Sovereign wealth funds’ transparency

Chua Kheng Wee Louis
Chua Kheng Wee Louis
Delivered in Parliament on
28
February 2025
5
min read

Ministry of Finance Committee of Supply 2025—cuts by Workers' Party Members of Parliament

Chairman, the reason for my cut on sovereign wealth funds’ transparency is simple: we must demand better standards from the investment managers managing our reserves, and take the lead in transparency, accountability and governance standards as these involve the stewardship of public monies for all Singaporeans, not just to its direct shareholders. 

We should aim for transparency in both our public and private market investments, regardless of whether it’s held by GIC, Temasek Holdings, the MAS or even the CPF for that matter. 
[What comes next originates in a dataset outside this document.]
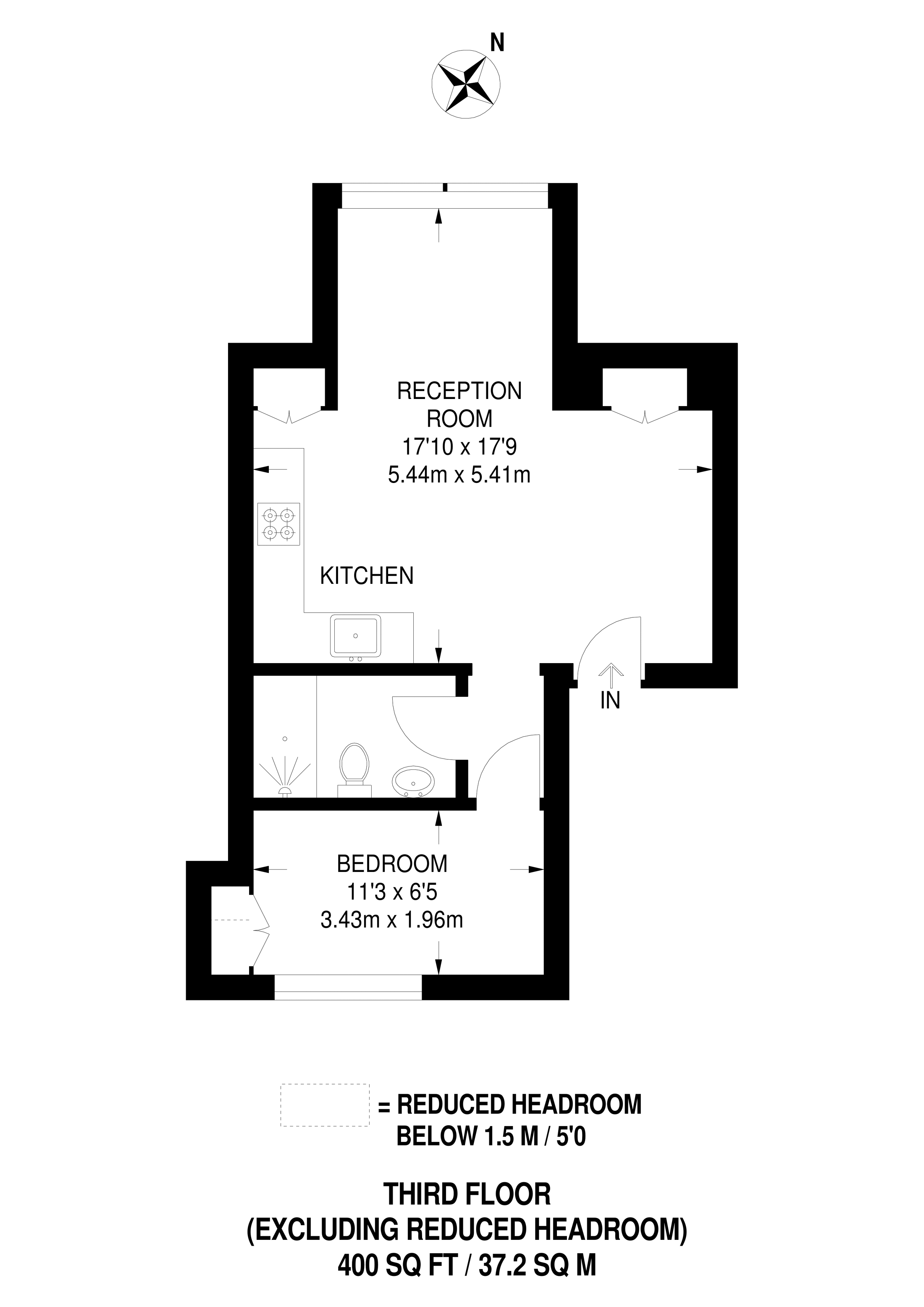 1 Bedrooms Flat to rent in Chertsey Road, Woking GU21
To many market observers, the gold standard, as in most things SWF-related, is the Norges Bank Investment Management (NBIM), Norway’s Sovereign Wealth Fund. When it comes to transparency, they publicly share a whole suite of details regarding their operations: from individual investments, returns before and after fees, even voting records.

Their CEO Nicolai Tangen, has a very popular podcast “In Good Company”, where he interviews portfolio companies and prefaces every interview openly discussing fund ownership details. They prove you can be transparent AND perform well. 

On transparency however, Singapore's sovereign funds are falling short. Unlike Temasek Holdings, GIC does not even share annual performance figures. I don’t think the GIC assesses the performance of the third-party fund managers they are invested in merely on a 5-year basis. I understand the rationale of not disclosing its assets under management, but hiding performance figures does not make sense, and merely raises questions.  

There is another dimension to transparency. I noticed that Temasek is invested in not just private markets, but many of these investment structures are also increasingly complex, perhaps a reflection of the investment landscape today. An example is that of continuation funds. 

A Business Times article dated 12 October 2024 was titled, “Temasek CIO gets behind asset-shuffling funds snubbed by others”. It further goes on to say: “The chief investment officer (CIO) of the Singaporean state-owned investor voiced unusual enthusiasm for continuation funds, in which private equity managers shift hard-to-sell assets from an older vehicle into a brand-new one. The repackaged assets are then offered to investors such as Temasek, known as limited partners.”

Chairman, these harder-to-value investments need more oversight, not less, yet they're becoming less transparent even as investments get more complex. In accounting, level three financial assets require significant use of internal models and assumptions to estimate fair value, as reliable market data is not readily available. Hence listed companies have to disclose in their annual report details of their valuation methodologies and the assumptions made in their financial statements. 

There’s a glaring contradiction in all of these. Even as the Government and Temasek demands good corporate governance from the companies they invest in, they're secretive about their own performance and remuneration metrics. Chairman, we must demand better standards from the investment managers managing our reserves. Any attempt to deflect these questions via “operational independence” must be rejected.